Challenges in drug-induced liver injury (DILI) prediction
(Waring et al., Nat Rev Drug Discov, 2015, 14, 475-486)
Drug development costs more than US$2 billion and takes over 10 years. Safety (clinical safety and non-clinical toxicology) was the number one reason for the project termination according to the analysis on drug candidate attrition in the major pharmaceutical companies.
(Horner et al., Regul Toxicol Pharmacol, 2013, 65, 334-343)
According to the analysis on the preclinical reports, liver injury was the most frequently observed organ toxicity in the animal studies.
(Olson et al., Regul Toxicol Pharmacol, 2000, 32, 56-67)
DILI was one of frequent organ toxicities in human with the highest percentage of project termination among the drugs entered the clinical phases after animal testing. Particularly, idiosyncratic DILI can’t be predicted by the animal models and causes serious safety issues in the clinical phase.
(Matthews et al., Regul Toxicol Pharmacol, 2009, 54, 23-42)

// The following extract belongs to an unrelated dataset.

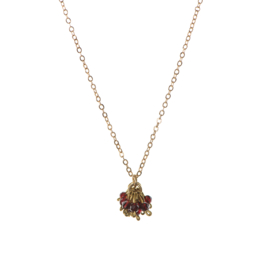 Elizabeth Cluster Red Pendant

In order to predict DILI in the early phase, various (Q)SAR models have been developed; however, prediction accuracy of the models is not yet sufficient to find out the DILI positives. (Specificity is prediction accuracy to detect the DILI negatives whereas sensitivity is to detect the DILI positives.) Moreover, only few prediction models were deployed as a usable software such as web program and GUI program. Thus, most of prediction models are not accessible.
ToxSTAR aims to predict DILI positives in the early phase of drug development. Drugs with DILI concerns were used to produce in vitro, in vivo, and in silico data and to collect publicly available data to predict DILI. Currently, it is under progress to develop novel in vitro, in vivo, and in silico models to predict DILI in order to support drug development projects.